Shape Bias at a Glance: Comparing Human and Machine Vision on Equal Terms
4 November 2021 – 15:00 GMT – Note unusual time
Katherine Hermann, Department of Psychology, Stanford University, USA
Recent work has highlighted a seemingly sharp divergence between human and machine vision: studies have argued that, whereas people exhibit a shape bias, preferring to classify objects according to their shape (Landau et al. 1988, Kucker et al. 2019), standard ImageNet-trained CNNs prefer to use texture (Geirhos et al. 2018). On the CNN side, how prevalent is this bias, and where does it come from? I will present evidence that, while both model architecture and training objective affect a model’s level of texture bias, the statistics of the training data are the most important factor, and that naturalistic data augmentation schemes can ameliorate texture bias and improve generalization to out-of-distribution images.

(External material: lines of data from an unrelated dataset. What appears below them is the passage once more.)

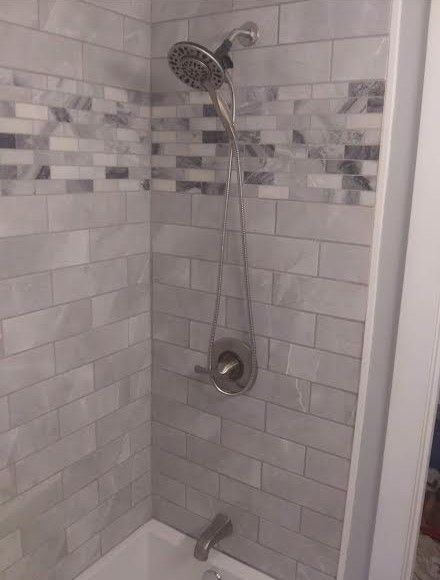 Tiled shower with chrome showerhead, handheld spray, and tub spout in a gray bathroom.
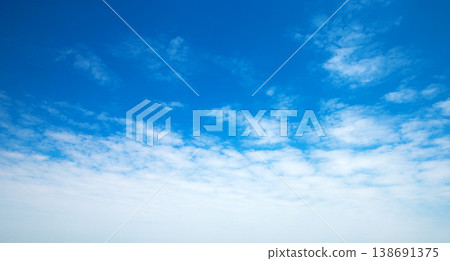 blue sky background with tiny clouds blue sky background with tiny clouds 138691375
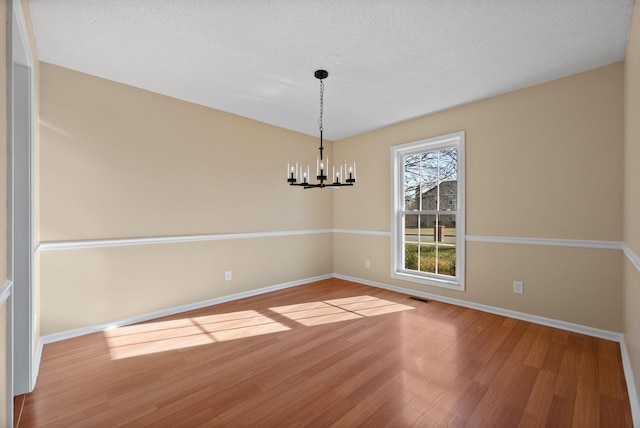 empty room with an inviting chandelier, wood-type flooring, and a textured ceiling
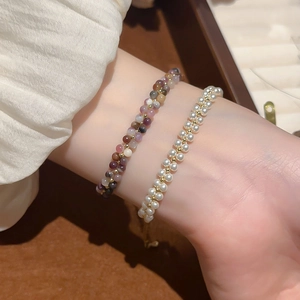 Macro detail of elegant double-layered pearl and purple tourmaline beaded bracelets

On the human side, existing studies have tested people under conditions different than those faced by a feedforward CNN; does the human–machine divergence remain when testing condition are more fairly aligned? In experiments using brief stimulus presentations, we find that people do still rely on shape more than texture, although texture information plays more of a role than previously reported. Comparing this more moderate shape bias to that of models trained with naturalistic data augmentations suggests that human and machine vision may not be as mismatched as previously believed.
Short Bio: Katherine Hermann is a PhD candidate and NSF Graduate Research Fellow at Stanford University (Psychology Department). She studies representations in neural models, including how inductive biases and training data interact to shape learning, and when and how model behaviors and representations differ from those of people.